Namun tragisnya keberadaan lembaga strategis di tengah-tengah masyarakat ini masih dililit aneka masalah. Maklum saja lembaga ini masuk kategori non formal atau jalur luar sekolah, sehingga tidak mendapatkan kucuran dana dari pemerintah, seperti BOS yang biasa diterima MI/SD/MTs/SMP/SMA/MA. Alhasil MD/TPQ lahir dari, oleh, dan untuk masyarakat.
Oleh karena itulah pantas pemkab memedulikan keberadaan lembaga ini. Melalui kepedulian ini diharapkannya keberadaan lembaga ini terpelihara bahkan berkembang. ‘’Dan saya meyakini Pak Bupati sangat peduli dengan keberadaan MD/TPQ ini,” sebut Wawan. Ragam program untuk MD/TPQ membuktikan komitmen bupati terhadap MD/TPQ ini.
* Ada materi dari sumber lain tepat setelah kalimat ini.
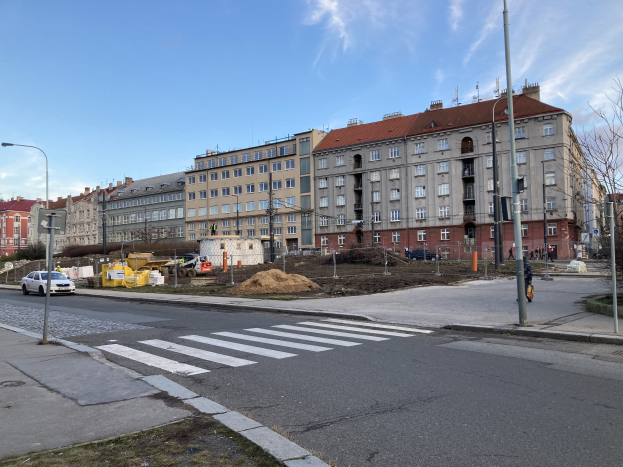 Baustelle für einen neuen Wohnblock im Vordergrund einer städtischen Straße mit parkenden Autos, Laternen, Bäumen, Gebäuden mit Fenstern und einem bewölkten Himmel.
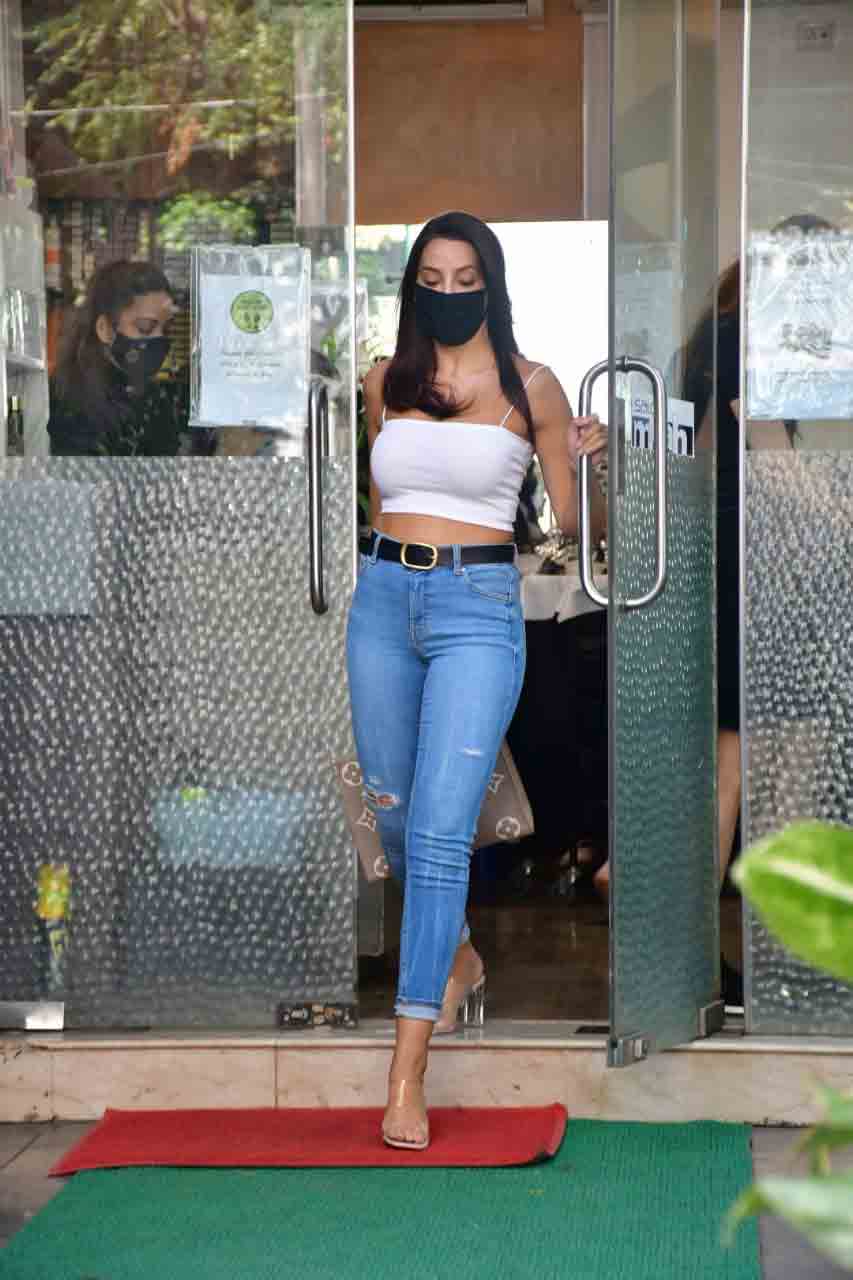 Nora Fatehi steps out in strappy cropped top, ripped jeans after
Bahkan ke depan, tuturnya, bukan saja pemberian dana stimulan guru atau pembebasan ijazah santri/siswa, tetapi pihaknya akan menggelar pelatihan pembuatan soal ujian bagi guru dan penyeragaman kurikulum. Melalui kedua proram ini paling tidak akan sedikit meringankan beban MD/TPQ yang ujung-ujungnya meringankan pula beban orang tua siswa/santri. Tentu saja program kepedulian terhadap MD/TPQ ini didasarkan komitmen bupati. (An Fauzi).